**Dataset records:**
++++++

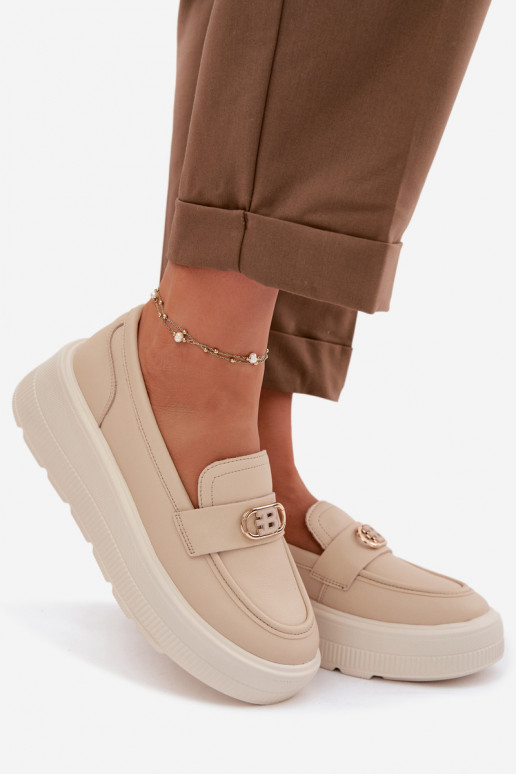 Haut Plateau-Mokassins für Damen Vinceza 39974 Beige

++++++

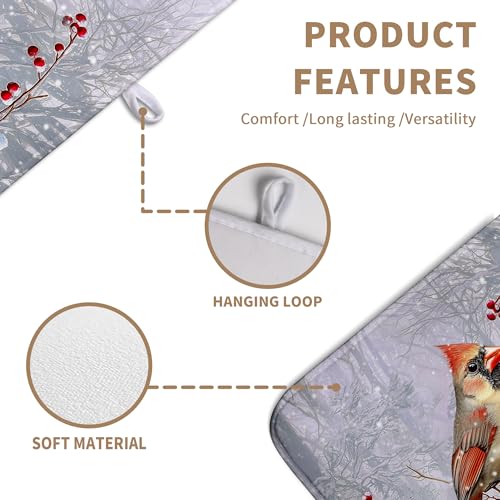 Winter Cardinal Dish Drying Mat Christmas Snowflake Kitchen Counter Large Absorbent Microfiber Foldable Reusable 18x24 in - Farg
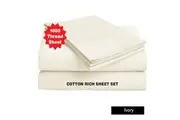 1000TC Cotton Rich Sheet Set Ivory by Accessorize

++++++

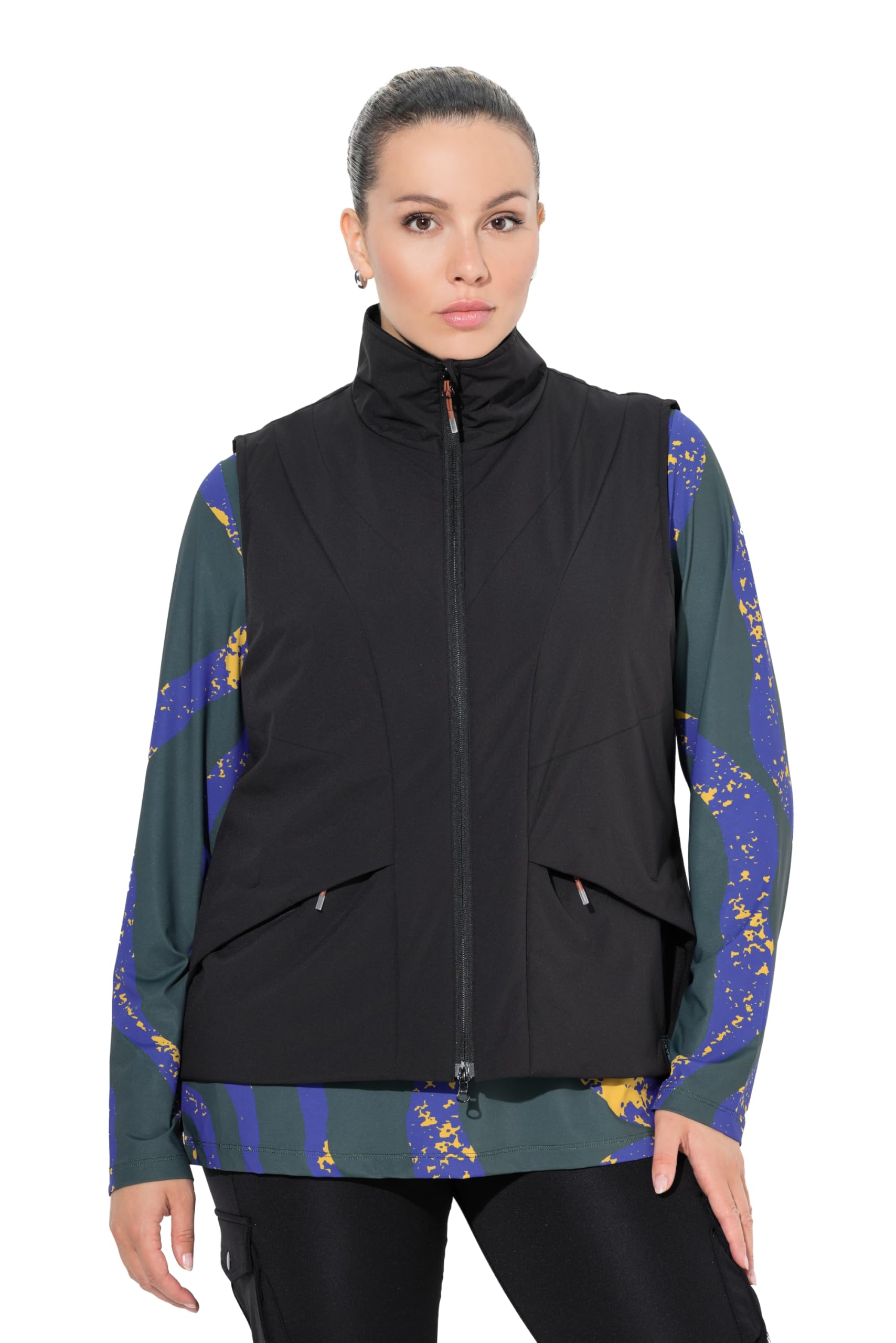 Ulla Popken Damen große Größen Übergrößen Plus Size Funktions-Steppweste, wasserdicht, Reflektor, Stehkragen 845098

++++++

**Directions:** In the listing above, find the line containing "Winter Cardinal Dish" and the line containing "1000TC Cotton Rich". Print those two lines and every line between them exactly, with no pictures.

**Task solution:**
 Winter Cardinal Dish Drying Mat Christmas Snowflake Kitchen Counter Large Absorbent Microfiber Foldable Reusable 18x24 in - Farg
 1000TC Cotton Rich Sheet Set Ivory by Accessorize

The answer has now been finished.